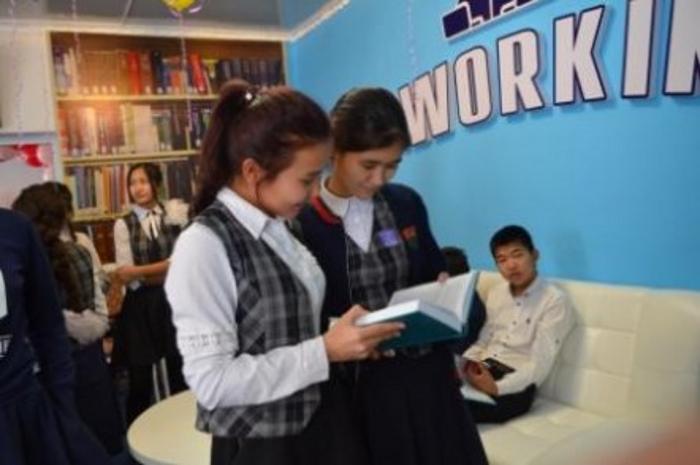 Aralda Soworking ortalyǵy ashyldy 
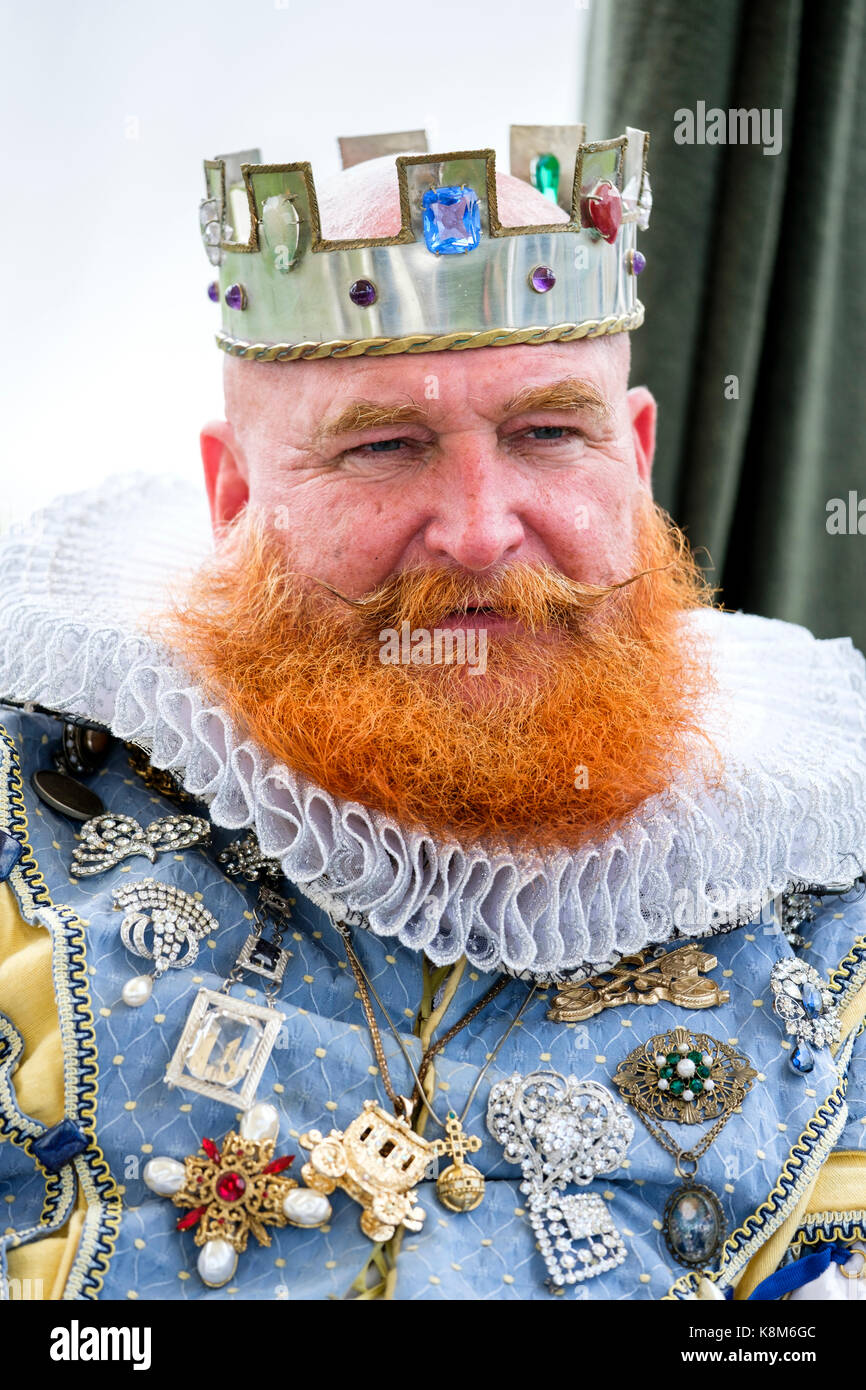 Mann re-Enactor als König während der Renaissance Festival in Oxford, Ontario, Kanada gekleidet. Stockfoto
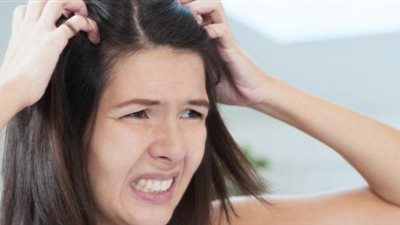 مرض نفسي| «نتف الشعر».. أسبابه وأعراضه وعلاجه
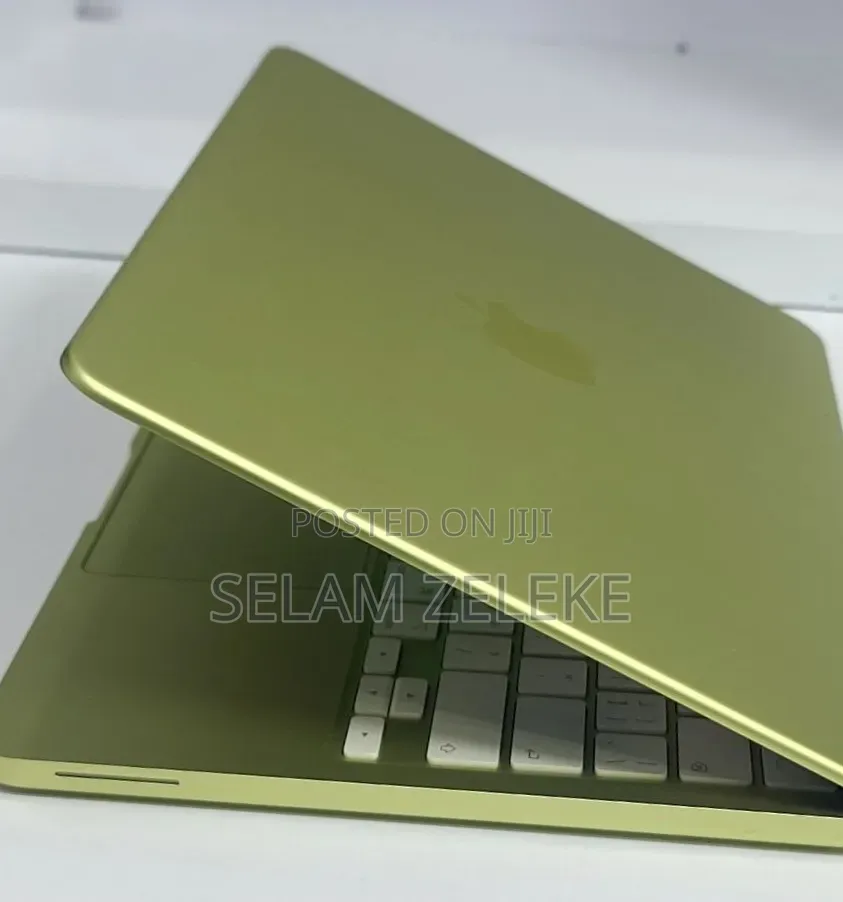 New Laptop Apple MacBook Neo 2026 8GB SSD 512GB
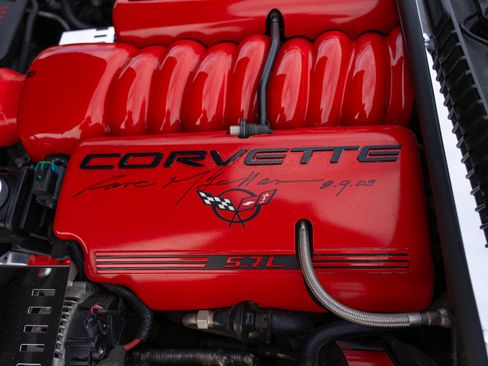 Used 1999 Chevrolet Corvette Convertible w/ Memory Pkg image 20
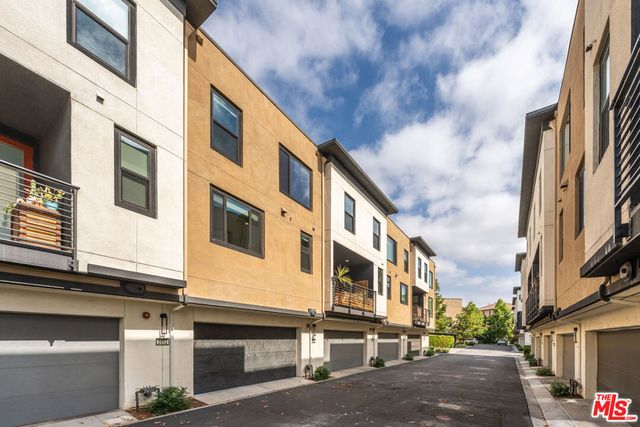 2850 N Glassell Street, Orange, CA 92865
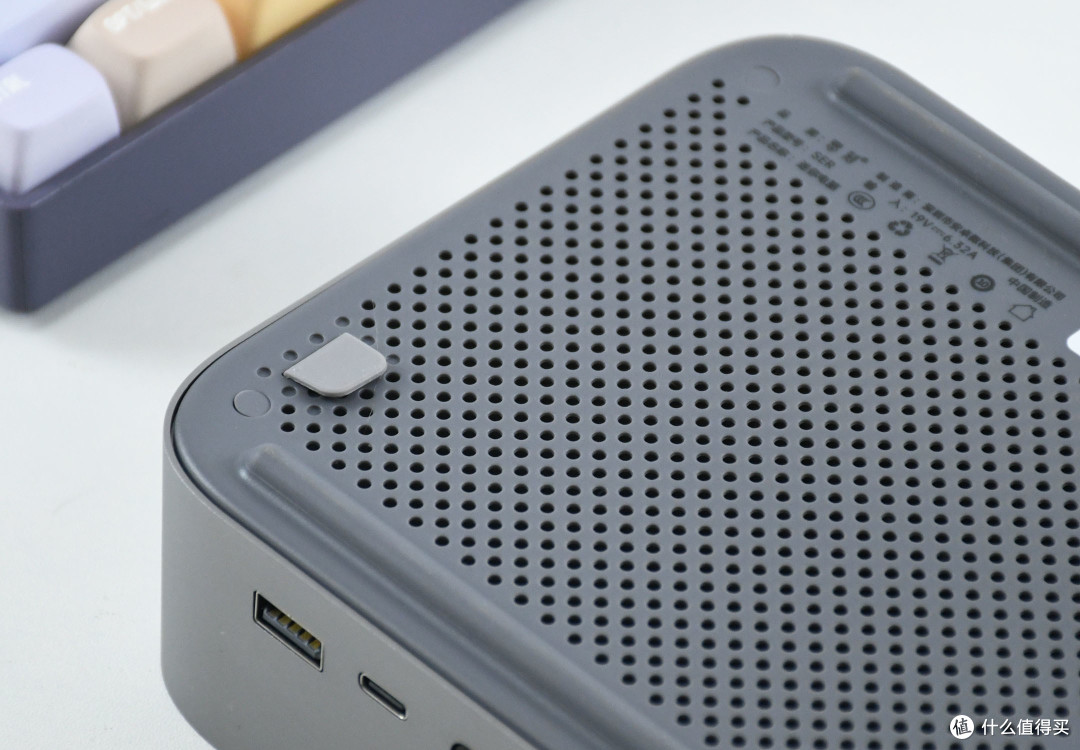 3K价位段的“静音型”高性能迷你电脑主机：零刻SER8上手简评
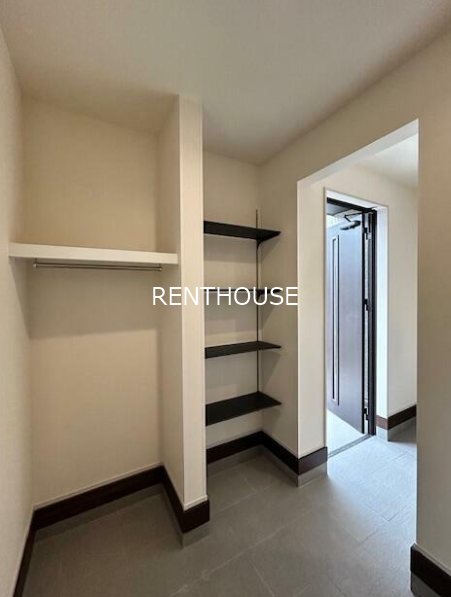 府中市押立町新築戸建   玄関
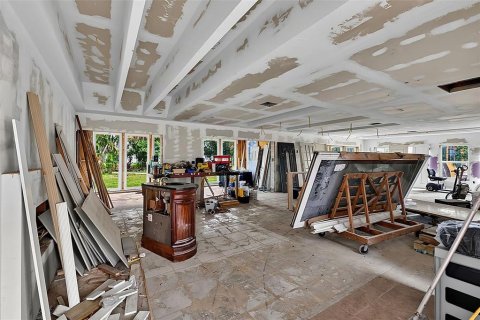 Купить виллу или дом в Норт-Форт-Майерс, Флорида 4 комнаты, 376.81м2, № 2416917 - фото 13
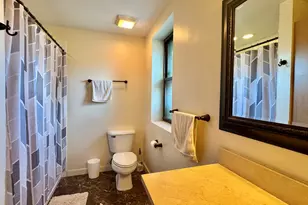 6827 N Lakewood Ave, Chicago, IL 60626 - Photo 17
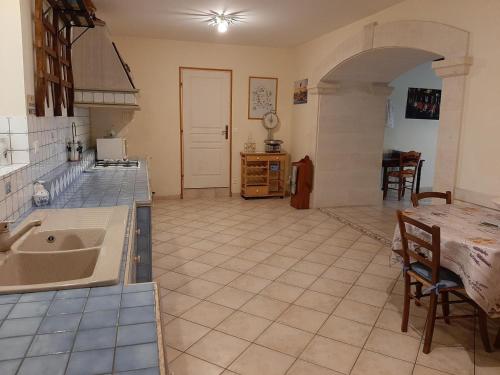 Kuchyň nebo kuchyňský kout v ubytování Gîte familial avec jardin, cheminée et équipements bébé – Bellevigne, Charente - FR-1-653-149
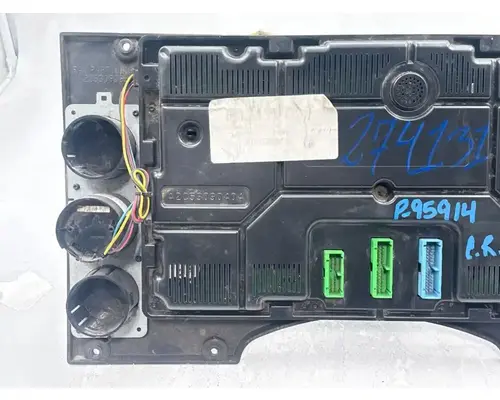 Mack CXU613 Instrument Cluster
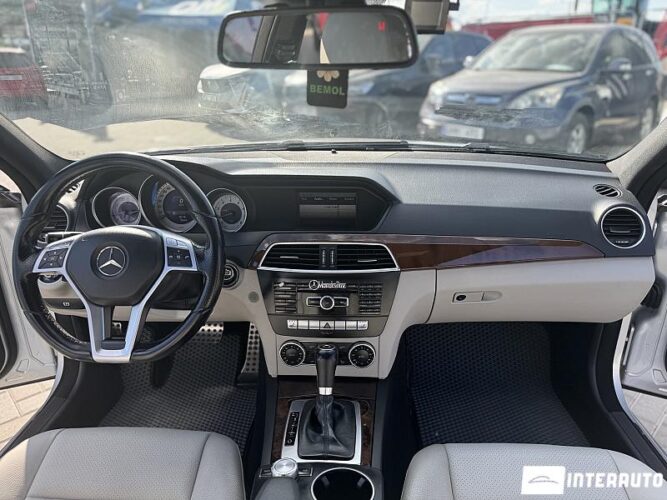 Mercedes C 250 37 interauto-car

○ ○ ○

What is being asked: Give the lines from the one containing "Mack CXU613 Instrument Cluster" through the last line of the material again, exactly and with no pictures, both ends included.

Written answer:
 Mack CXU613 Instrument Cluster
 Mercedes C 250 37 interauto-car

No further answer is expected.